# Husband has been good lately so why is it so hard for me to trust him?



## Mapper (Jun 5, 2012)

Earlier this year and for the past several years my husband kept contacting his ex girlfriend from 15 years ago on Facebook, via text, and even calling her when I wasn't with him or out of town. These contacts would happen like once every 3 months and they never ended in him meeting up with her and she would never initiate contact. He'd call and it would show as a 1 minute call meaning that she didn't pick up. I would also see via Facebook messages that he told her he called or stopped by but the either didn't answer or wasn't home. Then there was this other girl on Facebook who he barely knows and he'd make comments about how hot she looked in her bikini and even offered to take her to this video game convention downtown because she was into it and I'm not and the day before came to his senses and told her he couldn't because he wasn't going (which was a lie). He however said to her in a message "I'll make it up to you though."

I went out of town for a week to visit my mom last month and the entire time all I think is that he's contacting these women and meeting up with them. To my surprise he did not contact either one of them. I covered all my bases to make sure. I checked phone records and text records and I knew who all the numbers were. There were no private messages on his Facebook to either of them. Not even a "like" on any of their posts. No emails sent. To say the least, I was shocked! Shocked in a good way but still I am trying to dig and find SOMETHING because it is so hard for me to believe him!

How can I get myself to trust him and stop checking texts and phone records? He also had an issue with going to work and I would be able to look at his timesheet online (unbeknownst to him) and see if he even clocked into work. Some days he just wasted time at breakfast somewhere for a few hours until I left for work and then came home and when I got home that afternoon he acted like he had been at work. However for the past month he has gone in every day...even when I was gone for a week which used to be prime time for him to not go to work. Everything points to him turning into a trusting and faithful husband, but I just can't get myself to believe it.


----------



## stunned (May 6, 2013)

So he's been lying to you about going to work and disrespecting you by contacting women and flirting. You've gotten to the point of monitoring him, but you haven't mentioned if you've ever talked to him about all of this. If so, what does he say? What does he do all day instead of make money for the family? What are his excuses for flirting with women and trying to meet them?

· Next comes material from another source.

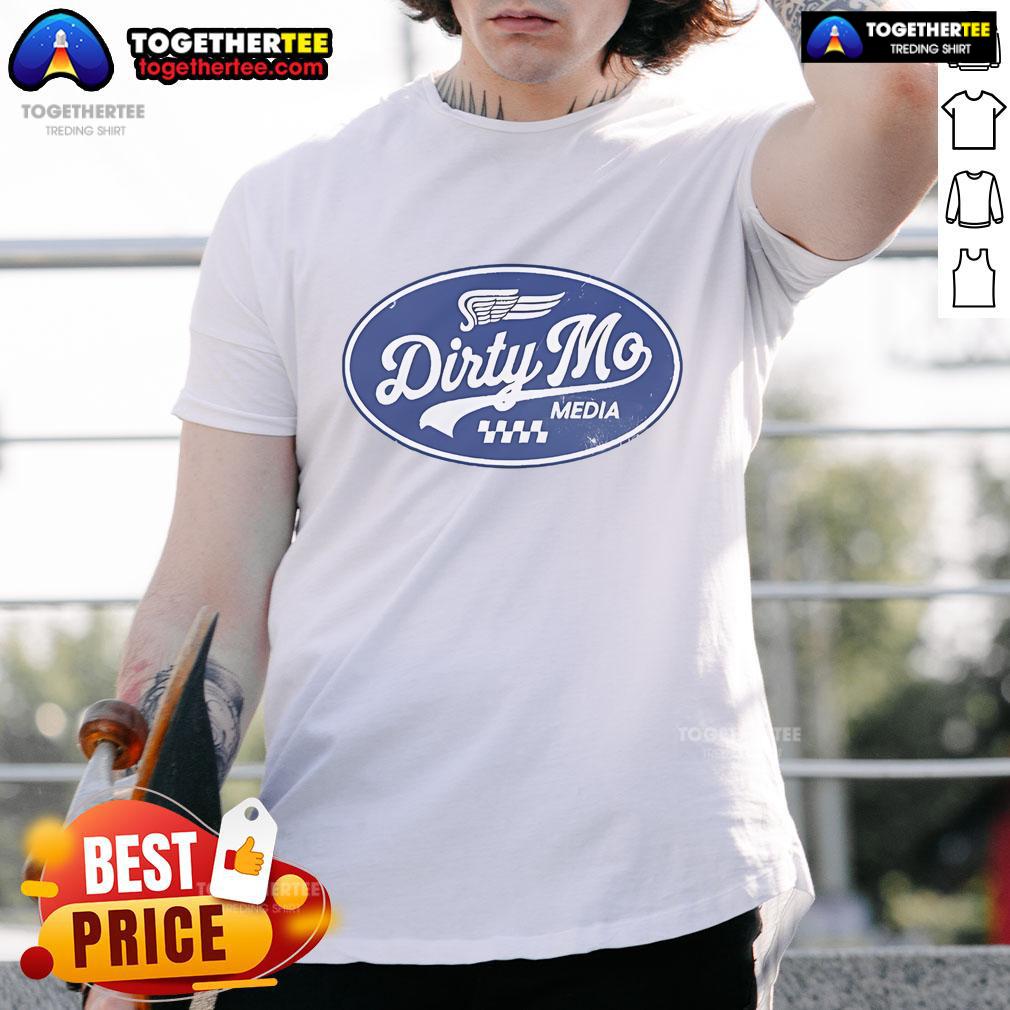 Pretty Dirty Mo Media Oval T-Shirt in vibrant colors, featuring a stylish oval logo design on soft cotton fabric.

To answer your question, it's hard for you to trust him because although he's maybe cleaned up his act for the past couple of days, he's been a lying, probable cheater for years. Of course you don't (and shouldn't) trust him. Have you thought about the possibility that he's caught on to the fact that you're monitoring him, and now he's taken it deeper underground (burner phone, etc...), so that you won't know about it?


----------



## Gabriel (May 10, 2011)

Yeah, that was my question too. Have you confronted him about these contacts he's been making? If you have, he might just be a lot better about covering his tracks.

But if you haven't indicated that you've caught him in any way, then, it's possible he's given up the chase. Either way though, this is shady behavior and it should be dealt with.


----------



## Coldie (Jan 2, 2014)

It's hard for you to trust him because he lied to you for no reason. If he lied for no reason once, he will do it again. It's hard to trust someone that lies when it benefits them or for no reason other than he wanted to come home and do his own thing all day without you knowing.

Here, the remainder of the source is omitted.